Homemade Chicken Soup
Est. Cook Time
- Large stockpot (or Dutch oven)
- (2) Forks
- 3–4 small chicken breasts
- 3 tbsp. avocado oil (can be substituted with coconut oil or olive oil)
- 1 large yellow onion, diced small
- 4–5 large celery stalks, sliced
- 2 large carrots, peeled and chopped
- 1 red bell pepper, diced
- 8 cups organic chicken broth or bone broth
- 1/2 tsp. turmeric powder
- 1 ½ tsp. sea salt
- 15 oz. cooked chickpeas or white beans, drained and rinsed
- 2 cups organic bite-sized broccoli florets
- In a large stockpot or Dutch oven, heat 2 tablespoons of oil over medium-high heat and cook chicken breasts until nicely browned, about four minutes on each side.
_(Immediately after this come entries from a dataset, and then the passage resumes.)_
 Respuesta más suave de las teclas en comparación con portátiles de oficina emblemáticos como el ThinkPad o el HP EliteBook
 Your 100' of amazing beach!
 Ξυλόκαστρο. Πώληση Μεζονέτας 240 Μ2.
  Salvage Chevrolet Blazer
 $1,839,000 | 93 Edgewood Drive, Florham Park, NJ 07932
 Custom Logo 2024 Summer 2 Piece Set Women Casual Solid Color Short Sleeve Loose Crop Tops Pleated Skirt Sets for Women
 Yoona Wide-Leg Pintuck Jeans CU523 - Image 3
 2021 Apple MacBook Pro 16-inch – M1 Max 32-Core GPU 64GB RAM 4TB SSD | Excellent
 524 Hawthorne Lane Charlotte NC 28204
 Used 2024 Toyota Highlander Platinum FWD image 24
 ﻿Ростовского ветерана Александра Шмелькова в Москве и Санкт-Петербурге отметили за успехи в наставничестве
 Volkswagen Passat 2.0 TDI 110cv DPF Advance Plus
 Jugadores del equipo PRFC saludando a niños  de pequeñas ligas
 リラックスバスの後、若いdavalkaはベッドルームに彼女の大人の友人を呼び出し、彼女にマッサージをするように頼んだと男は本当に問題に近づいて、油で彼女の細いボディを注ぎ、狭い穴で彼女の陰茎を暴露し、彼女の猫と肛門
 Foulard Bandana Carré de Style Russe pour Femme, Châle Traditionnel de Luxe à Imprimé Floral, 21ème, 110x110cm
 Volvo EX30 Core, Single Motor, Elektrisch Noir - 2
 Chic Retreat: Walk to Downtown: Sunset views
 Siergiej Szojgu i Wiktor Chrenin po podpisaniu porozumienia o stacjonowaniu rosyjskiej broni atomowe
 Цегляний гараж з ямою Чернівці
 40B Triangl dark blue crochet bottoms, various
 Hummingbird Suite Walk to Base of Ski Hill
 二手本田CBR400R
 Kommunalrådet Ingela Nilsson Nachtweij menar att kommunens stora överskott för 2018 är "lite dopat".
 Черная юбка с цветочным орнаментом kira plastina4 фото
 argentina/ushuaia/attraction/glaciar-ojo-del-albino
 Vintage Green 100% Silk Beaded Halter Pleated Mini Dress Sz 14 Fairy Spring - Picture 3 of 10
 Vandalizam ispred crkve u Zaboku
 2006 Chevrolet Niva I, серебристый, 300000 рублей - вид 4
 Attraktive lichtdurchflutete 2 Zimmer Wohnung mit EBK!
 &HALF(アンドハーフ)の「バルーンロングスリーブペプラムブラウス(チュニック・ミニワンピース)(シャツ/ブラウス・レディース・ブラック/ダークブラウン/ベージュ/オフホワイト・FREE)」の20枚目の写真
- Set the chicken aside and shred it using two forks once cool.
- Add the remaining oil and sauté onion, celery and carrots, and pepper. Stir occasionally for about 5 minutes.
- Stir in the chicken stock, turmeric, sea salt, and chickpeas or white beans. Bring to a boil.
- Add shredded chicken, cover, and turn down the heat to simmer for about 20 minutes.
- Add broccoli, cover, and simmer for an additional 8–10 minutes on low.